The present disclosure further provides that the Airborne Endospore Bioburden (AEB) can be used as an indicator of spacecraft cleanliness. AEB, as measured in closed environment air sampling under laboratory conditions and in the Environmental Control and Life Support System at Marshall Space Flight Center, has indicated that increased total counts of airborne endospores can be correlated to surface microbial contamination.

The present disclosure provides that airborne bacterial spores are a good indicator of total biomass, because 1) airborne bacterial spores are easily quantified, and 2) airborne bacterial spore concentrations correlate to the total biomass in an indoor environment.

The method disclosed herein can be used to measure the concentration of airborne bacterial spores as an indicator of total microbial contamination of an environment. The method disclosed herein can be used to measure the concentration of airborne bacterial spores as an indicator of total microbial contamination of an indoor environment. The method disclosed herein can measure better than 0.1 bacterial spores per liter of air, which ensures accurate measurement of the background concentrations of bacterial spores in an indoor environment.
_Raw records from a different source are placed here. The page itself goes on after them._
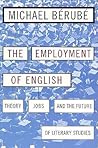 Employment of English: Theory, Jobs, and the Future of Literary Studies (Cultural Front) Employment of English: Theory, Jobs, and the Future of Literary Studies (Cultural Front)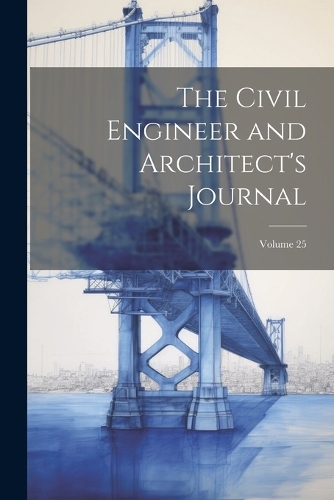 The Civil Engineer and Architect's Journal; Volume 25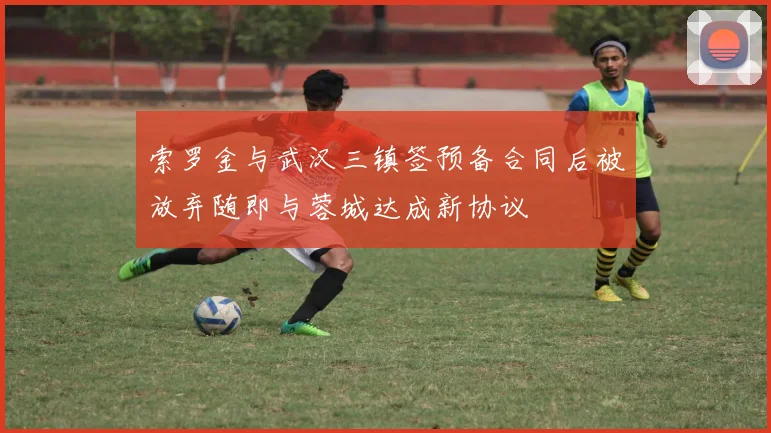 索罗金与武汉三镇签预备合同后被放弃随即与蓉城达成新协议
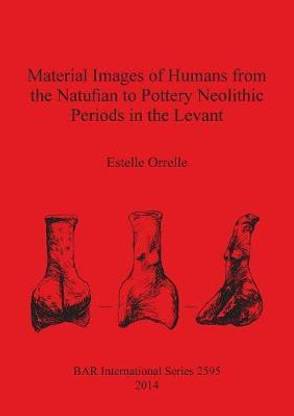 Material Images of Humans from the Natufian to Pottery Neolithic Periods in the Levant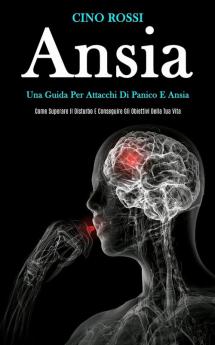 Ansia: Una guida per attacchi di panico e ansia (Come superare il disturbo e conseguire gli obiettivi della tua vita)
In one embodiment, the method by which the endospore concentration is measured is disclosed in U.S. patent application Ser. No. 11/332,788 incorporated herein by reference in its entirety. In order to measure the bacterial endospore concentration of the indoor environment using this method, the endospores are first captured from the air within the indoor environment. Bacterial spores in the air of the indoor environment are transferred from the air onto an air filter using an air sampler (FIG. 1)(Example 1).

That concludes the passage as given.